_Activity_
If a record contains a picture, leave the picture out and reproduce everything else exactly.

_Material provided_
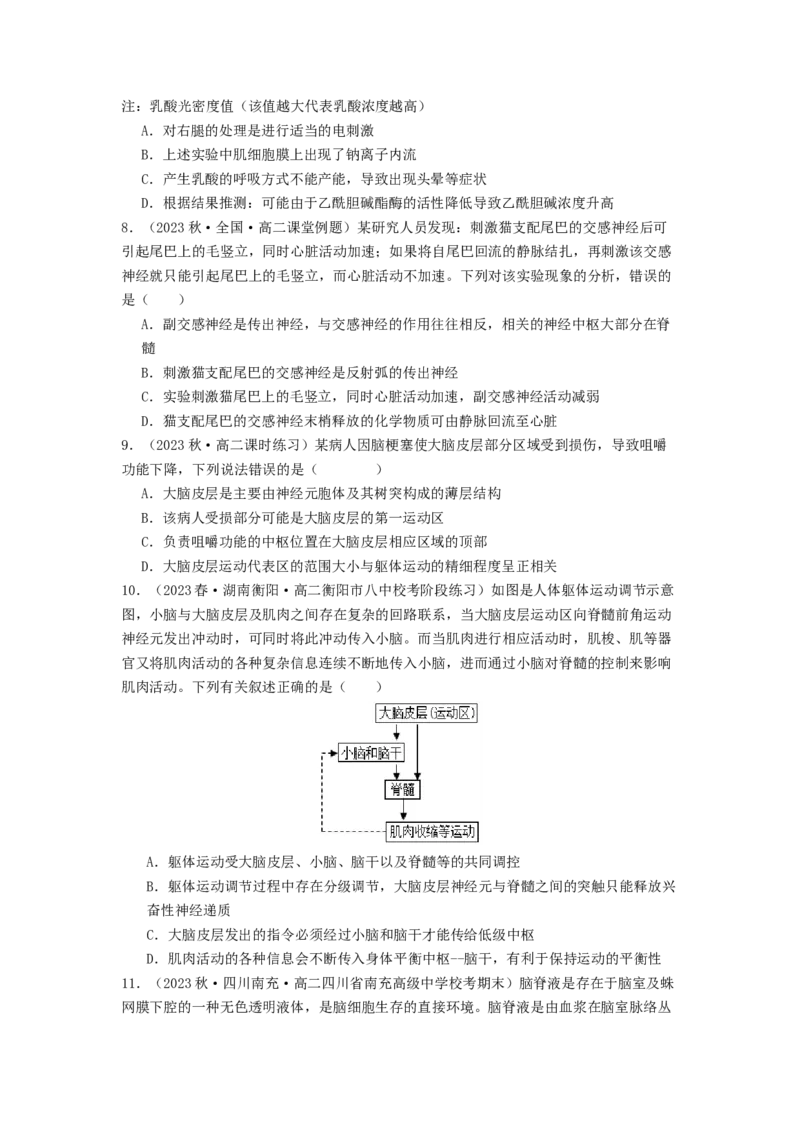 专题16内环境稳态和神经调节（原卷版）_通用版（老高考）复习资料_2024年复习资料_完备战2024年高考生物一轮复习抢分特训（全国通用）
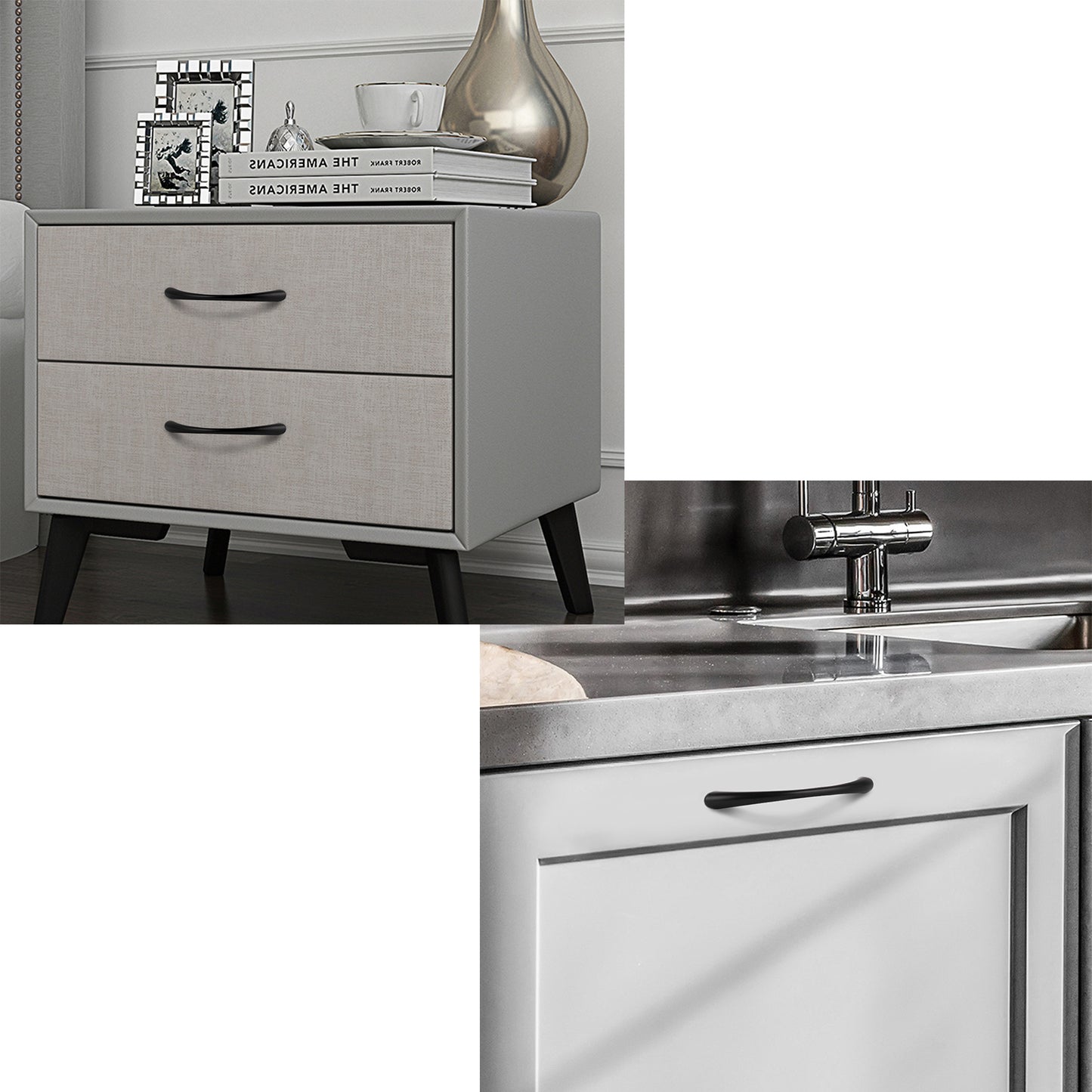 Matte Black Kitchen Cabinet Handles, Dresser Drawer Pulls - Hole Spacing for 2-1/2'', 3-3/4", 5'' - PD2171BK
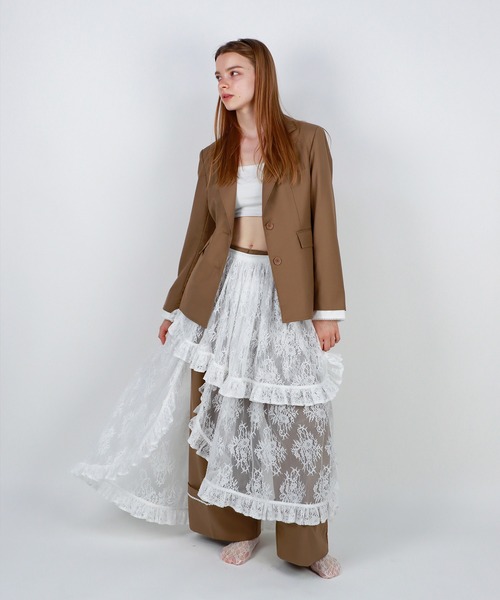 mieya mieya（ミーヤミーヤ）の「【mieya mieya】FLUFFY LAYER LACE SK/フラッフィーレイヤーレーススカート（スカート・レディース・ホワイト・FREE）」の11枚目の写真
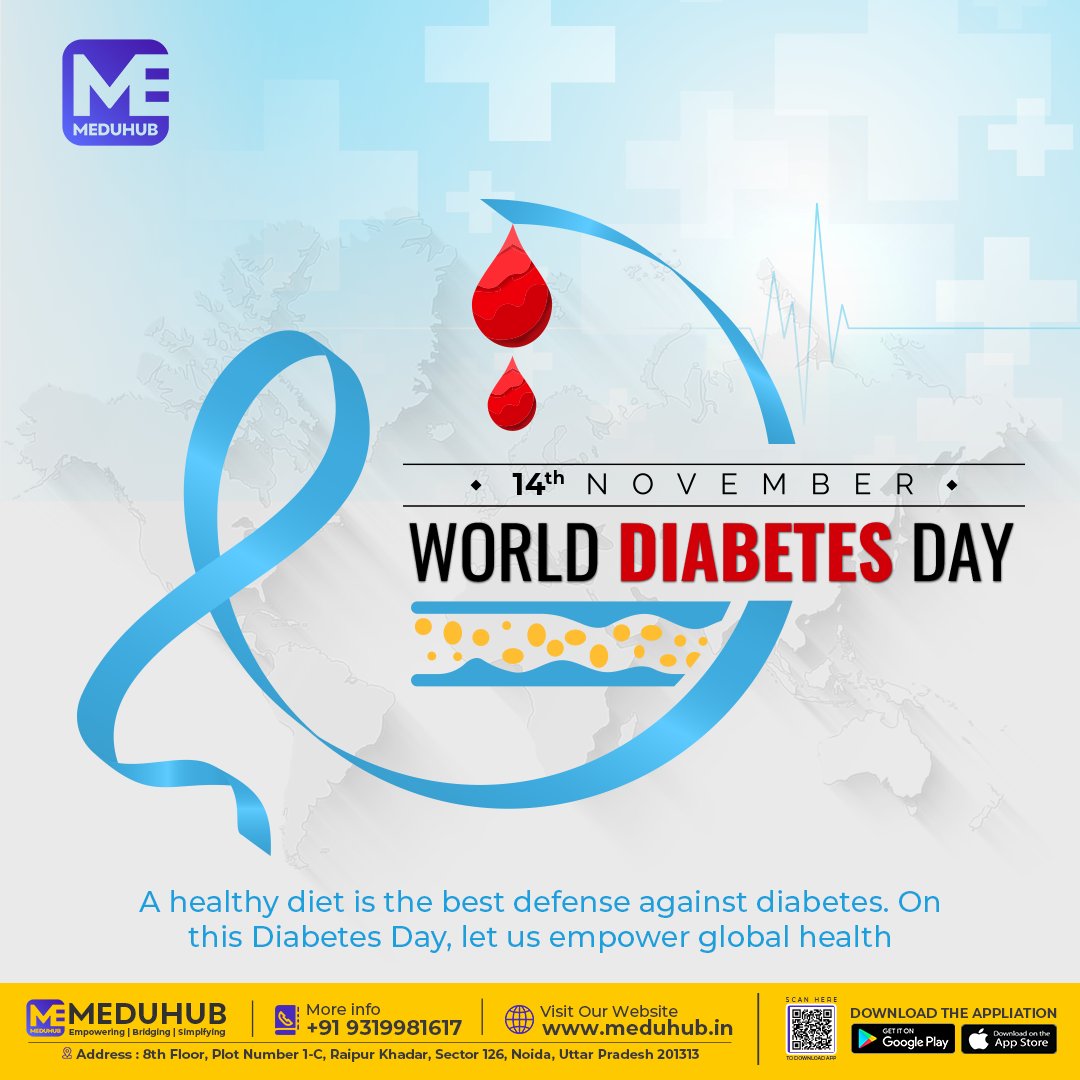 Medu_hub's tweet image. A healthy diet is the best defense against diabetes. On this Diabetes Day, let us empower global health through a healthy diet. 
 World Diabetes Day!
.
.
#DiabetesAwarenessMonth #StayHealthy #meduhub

_Answer space_
 专题16内环境稳态和神经调节（原卷版）_通用版（老高考）复习资料_2024年复习资料_完备战2024年高考生物一轮复习抢分特训（全国通用）
 Matte Black Kitchen Cabinet Handles, Dresser Drawer Pulls - Hole Spacing for 2-1/2'', 3-3/4", 5'' - PD2171BK
 mieya mieya（ミーヤミーヤ）の「【mieya mieya】FLUFFY LAYER LACE SK/フラッフィーレイヤーレーススカート（スカート・レディース・ホワイト・FREE）」の11枚目の写真
 Medu_hub's tweet image. A healthy diet is the best defense against diabetes. On this Diabetes Day, let us empower global health through a healthy diet. 
 World Diabetes Day!
.
.
#DiabetesAwarenessMonth #StayHealthy #meduhub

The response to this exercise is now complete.